───── Exercise materials
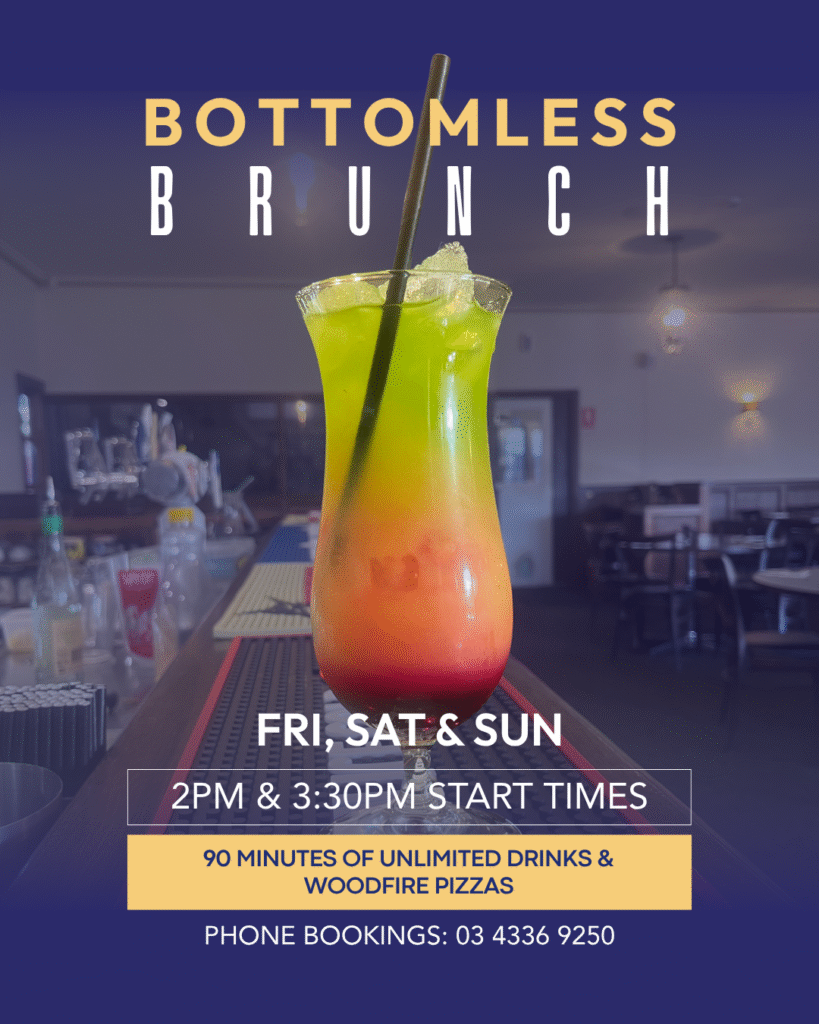 Colourful cocktail at the Courthouse Hotel bar for bottomless brunch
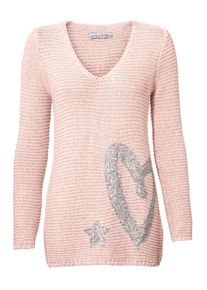 Heine, Damen Grobstrickpullover, Pastellpink / Silber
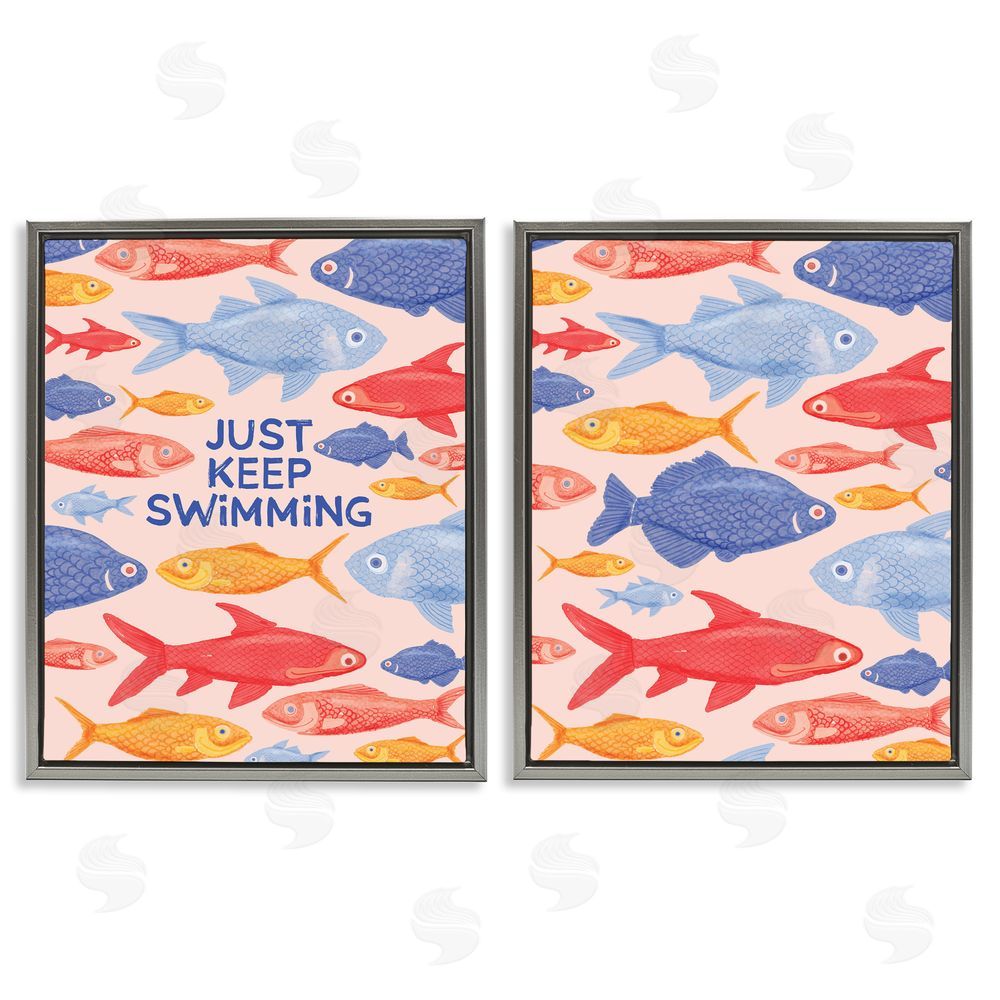 The Paper Curator Just Keep Swimming Motivating Fish Gray Floating Frame Canvas Wall Art Print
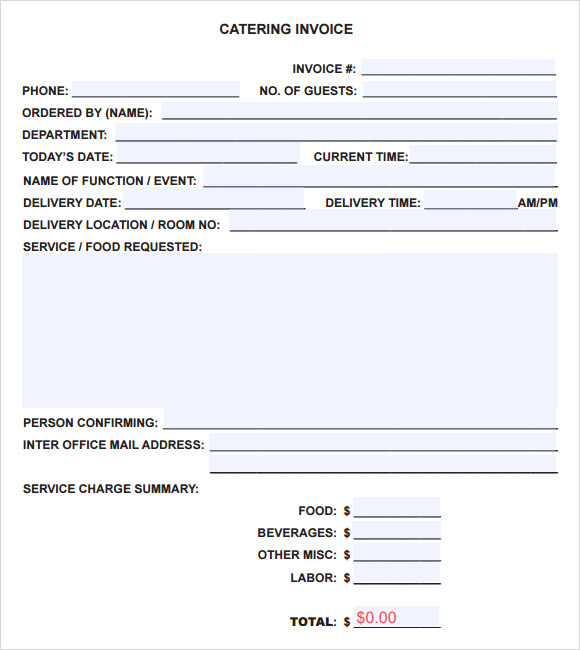 sample invoices for catering services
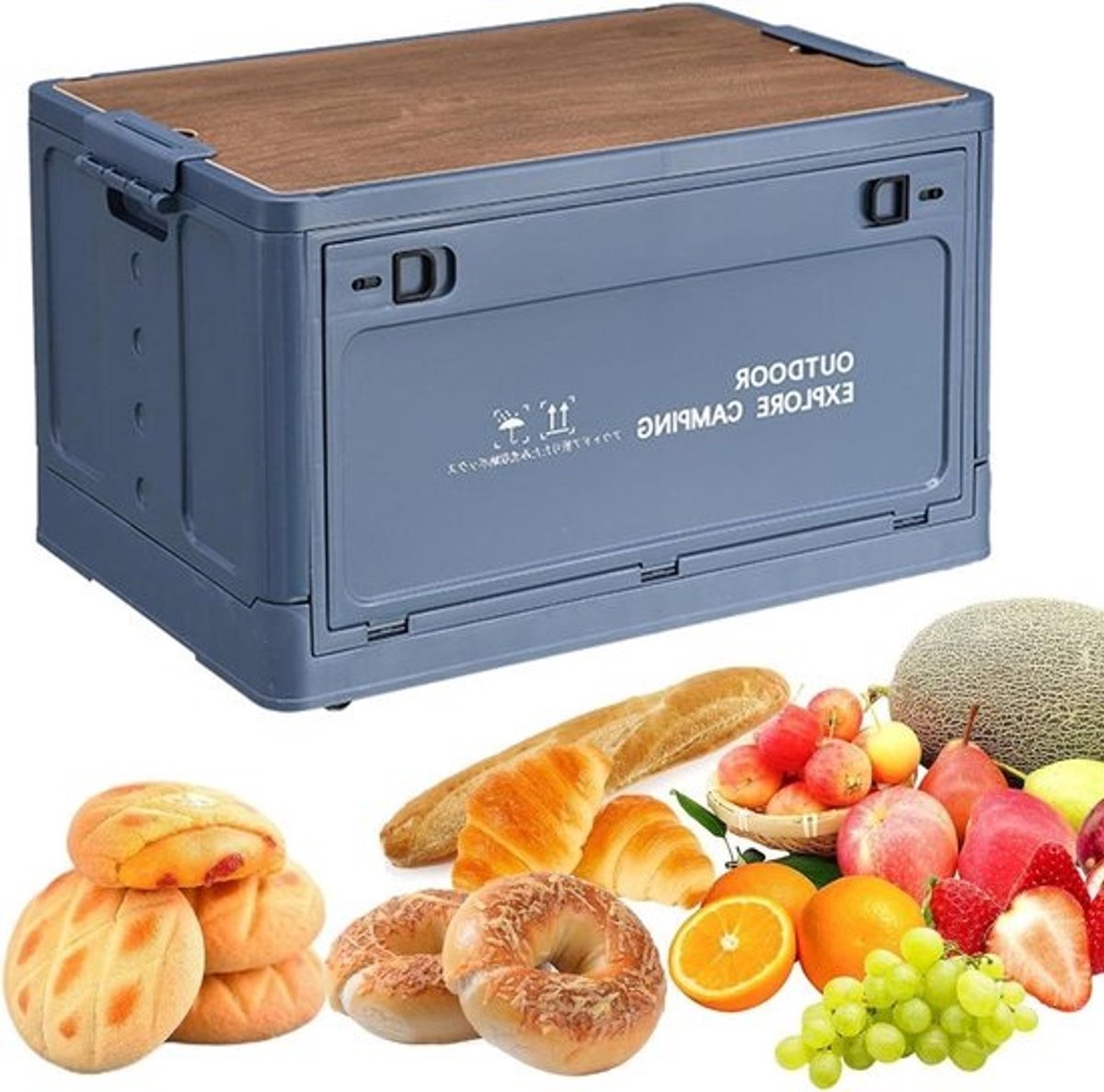 Opvouwbare Opbergbakken - Camping Opbergdoos - Buitenopslag - Houten Deksel - 30L - Haze Blue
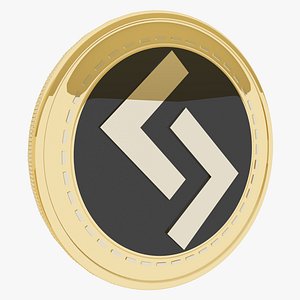 3D Loki Cryptocurrency Gold Coin model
──────────
* _Aim of the exercise_:
Only an exact, picture-free copy of the entries counts as the answer.

* _Answer to the problem_:
 Colourful cocktail at the Courthouse Hotel bar for bottomless brunch
 Heine, Damen Grobstrickpullover, Pastellpink / Silber
 The Paper Curator Just Keep Swimming Motivating Fish Gray Floating Frame Canvas Wall Art Print
 sample invoices for catering services
 Opvouwbare Opbergbakken - Camping Opbergdoos - Buitenopslag - Houten Deksel - 30L - Haze Blue
 3D Loki Cryptocurrency Gold Coin model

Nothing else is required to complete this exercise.